Les sauts temporels d’un chapitre à l’autre évoquent plus une écriture de roman, qu’un travail d’historien. Les analyses psychologiques du jeune Gabriel en 1792 rapprochent plus de l’écriture romanesque, comme les évocations de Paul et Virginie ou la comparaison avec Fabrice del Dongo à Waterloo dans La Chartreuse de Parme.

La seconde partie qui porte sur les archives communales du village est plus historique.

Quel vécu de la Révolution ?

Si Élisabeth semble avoir été proche des auteurs des cahiers de doléances, les événements parisiens sont connus par la presse, attendue avec impatience, par Gabriel en 1789. On perçoit les hésitations idéologiques du jeune homme : tantôt partisan de la Révolution, mais regrettant la démesure de certains, une « radicalisation » modérée, ses hésitations à choisir un camp en 1792, et son soutien la Loi du Maximum, pendant la crise des assignats.

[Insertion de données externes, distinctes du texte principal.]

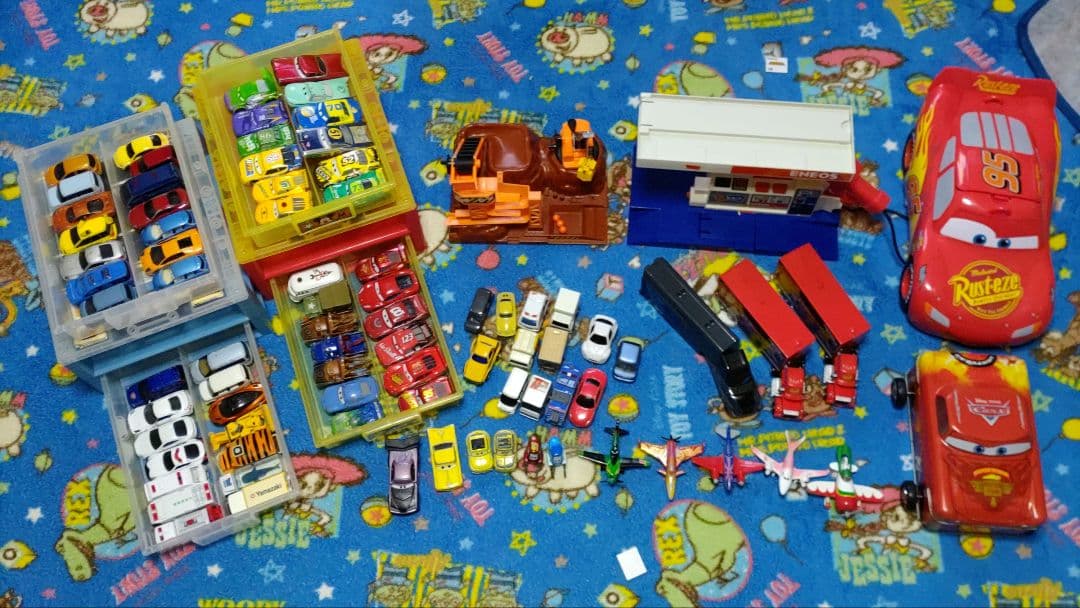トミカ　カーズ　プレーンズ　セット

L’engagement de Gabriel dans l’armée révolutionnaire tient une grande place dans le récit : pourquoi ce jeune homme raisonnable, pétri de l’esprit des Lumières, s’est-il engagé lors de la Levée en masse ? L’auteur rappelle la création de la Garde nationale et son rôle dans les événements parisiens de l’été 1791. Gabriel s’est-il engagé par idéal, pour la solde ou pour renouer avec la lointaine tradition familiale d’une vieille noblesse déchue ? On le suit dans sa carrière militaire, peu de véritables faits d’armes, il est déçu au soir de Valmy, de n’avoir pas combattu. Les lettres informent sur l’état d’esprit des armées, le poids de la hiérarchie quand il devient dragon.

Les lettres évoquent la crise des assignats, l’évolution des conceptions du mariage quand Élisabeth évoque un mariage possible entre ses enfants adoptifs.

Les femmes ont, malgré la distance, une réelle adhésion aux idéaux révolutionnaires et participent pleinement aux manifestations patriotiques comme la fête de juin 1794, à la gloire de l’être suprême. Élisabeth écrit même une pièce de théâtre républicaine. Un an plus tard les réflexions de Gabriel sont plus négatives, il montre même une forme de mépris du peuple patriote, mais superstitieux et fanatique quand il évoque la Vendée. « Liberté de culte, certes ; mais seulement si l’on est bon patriote. » (p. 169)

Si Gabriel banalise la violence des guerres révolutionnaires, il reproche aussi à Charlotte sa défense des droits des femmes.

Monsieur le maire

Nommé maire en 1803, par le préfet, les écrits de Gabriel Noël sont désormais ceux de l’administration communale : état des permis de port d’armes à feu (oct 1803), contrat du berger communal… Ils disent la vie d’un petit « fonctionnaire public ». Ils informent sur la vie d’un village dans la première moitié du XIXe siècle.

« La biographie sociale se gonfle alors, déborde les corps des protagonistes principaux, verse vers la micro-histoire d’un village rural parmi tant d’autres. » (p. 40)

Déjà au moment de la Révolution la question scolaire tient une grande place dans les réflexion, puis le recrutement de l’instituteur, son salaire, l’aménagement d’une école sont un souci récurent de a famille et de l’équipe municipale. Élisabeth et Charlotte rêvent d’une école pour les filles.

Les écrits du maire sont moins personnels, la description de l’économie locale, l’évolution du droit de propriété et la défense des usages collectifs des communaux disent ce que fut ce début de XIXe siècle, quand la corvée seigneuriale perdure sous la forme de la contribution en nature pour la collectivité.

L’auteur aborde la question des finances communales, les élections, l’organisation de la conscription, la police rurale et les vicissitudes climatiques : l’année sans été 1816 et ses conséquences sociales.

Guillaume Mazeau écrivait dans la revue L’Histoire : « Original, le livre défatigue le récit habituel. ». Le projet est séduisant, l’écriture agréable, mais j’avoue avoir été gênée par cette tentation du roman comme si l’auteur avait été comme prisonnier de sa source : la correspondance de Gabriel.